アルテミアが通ると、店は次々にクローズとプレートを出したり、シャッターを閉め出した。


「チッ!」


アルテミアは舌打ちすると、背中から翼を生やし、違う町にいく為に空に飛び上がった。




「く、くそ!」


数分後、気をとり戻した女は、痛む背中を確認しながら、立ち上がった。


「ア、アルテミア…彼氏のかたき」


ふらつきながらも、女は自らの剣を探した。


「その話。
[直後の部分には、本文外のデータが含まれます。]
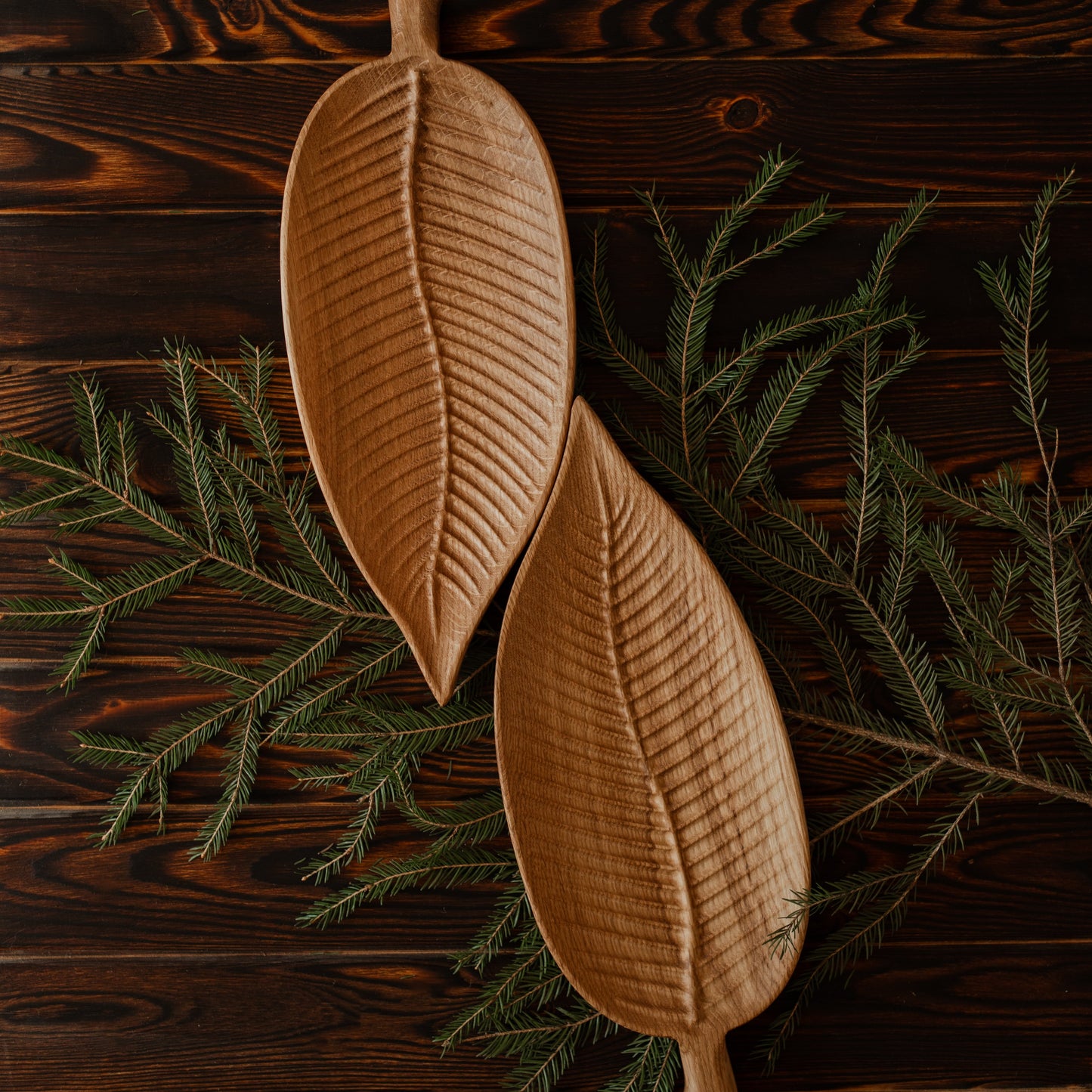 rustic-wooden-leaf-dish-natural-serving-tray-christmas-table-gift-idea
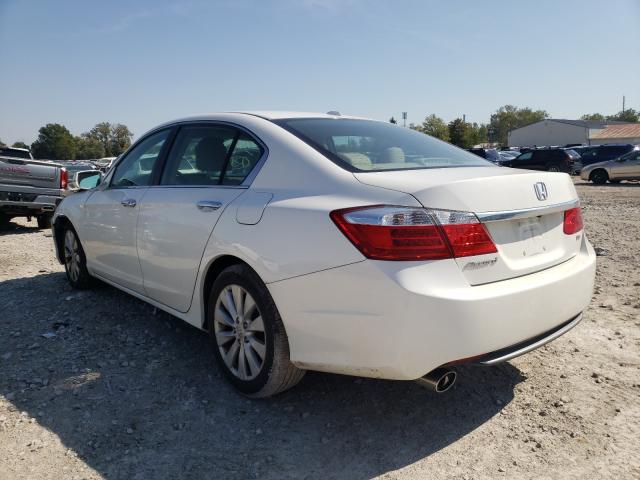 Photo 2 VIN: 1HGCR3F82FA011247 - HONDA ACCORD EXL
詳しく聞かせてくれないかい?」


女の目の前に、カウンターに刺さっていた剣を抜き、それを差し出す男が現れた。


「あ、あなたは!?」


女は、目の前に立つ男が誰か気づくと、その場で敬礼をした。


「あの女の飲み代も払おう」


男がそう言うと、彼のそばで控えていた2人のボディーガードが動き出した。


「あなたが、どうしてここに!?」


まだ驚きを隠せない女に、男は微笑んだ。


「一般の人達の暮らしを知ることも、大切だからね」


「そ、そうでしたか!」


女は改めて、背筋を伸ばし、姿勢を正すと、再敬礼をした。


「元防衛軍!第233部隊所属しておりました!ヨルダ・マーティーンです」


「固い挨拶はいいよ」


「は!ありがとうございます!オーティス・ハイネス様」


女の前に立つのは、仮面を被ったオーティスだった。



「先程の話…興味深い」


オーティスはヨルダに向かって、優しく微笑んだ。